Hello,
I have noticed commonly that when I restart the system after the usual OS update, there’s no Wi-Fi connection. There’s no option for it in settings, either. In order to get it back, I have to restart the system again, and sometimes I have to reboot into Windows and then boot back into Fedora for it to work. It gets frustrating to do that almost every time. What might be the case? This also happened a few times in Ubuntu Impish Indri, not just F35. Oh, and also an important thing to mention - yesterday when booting up to Windows, Wi-Fi adapter couldn’t find any networks, but it was there - disabling and re-enabling fixed that, so this problem might be linked with Windows too, or it may have been a separate problem.
OS: Fedora Linux 35 (Workstation Editi
Host: ASUS TUF Gaming A15 FA506QM_FA50
Kernel: 5.16.18-200.fc35.x86_64
DE: GNOME 41.4
CPU: AMD Ryzen 7 5800H with Radeon Gra
GPU: NVIDIA GeForce RTX 3060 Mobile /
GPU: AMD ATI 06:00.0 Cezanne
Memory: 2270MiB / 15451MiB
description: Wireless interface
product: MT7921 802.11ax PCI Express Wireless Network Adapter
vendor: MEDIATEK Corp.
I didn’t said external i am talking about internal
In my case i have intel ax201
And it is a good card. If you haveva scope you can try because most intel cards are better thn rest of others and better supported in linux bsd and windows.
If you are also noticing strange things in windows with the same hardware then it seems to be something hardware related (the wifi card) or network related (possibly the AP/router)
Have you tried doing a full power cycle on the AP/router to see if that may be the issue. I have at times noticed that unplugging the router then plugging it back in sometimes fixes network issues that otherwise are hard to fix.
I did a quick search and it seems like these complaints for this model laptop in specific are pretty common on Windows too, so the idea of swapping out the wifi card might indeed be the best option. I’ve done this before on laptops and it varies in difficulty depending on the specific laptop design.

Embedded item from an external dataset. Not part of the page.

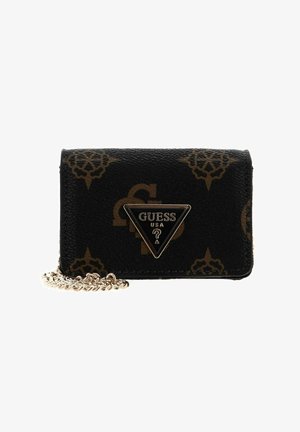 Portefeuille noir texturé avec ferrures et chaîne dorées. Présente un motif monogramme et une plaque logo triangulaire à l'avant. Design compact.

I found a YouTube tutorial for the process (it starts with a bunch about irrelevant-for-us Windows stuff, so I’ve skipped to the relevant part at 3:49):
From that, I’d estimate the difficultly as: piece of cake if you do PC hardware stuff all the time, but kind of risky if you’ve never opened a computer before or feel intimidated doing so. It’s very possible even for a newbie, but the antenna wires are finicky and you’re working in a cramped space.
Also, the cost should be under $50 — maybe even half that. That’s not a terrible price to get a lot more out of a laptop.
As i have told you if you can try to chnage the card with a intel one and see if the problem resolves if it solves then just change the card as said in the first comment. But better to test first i think.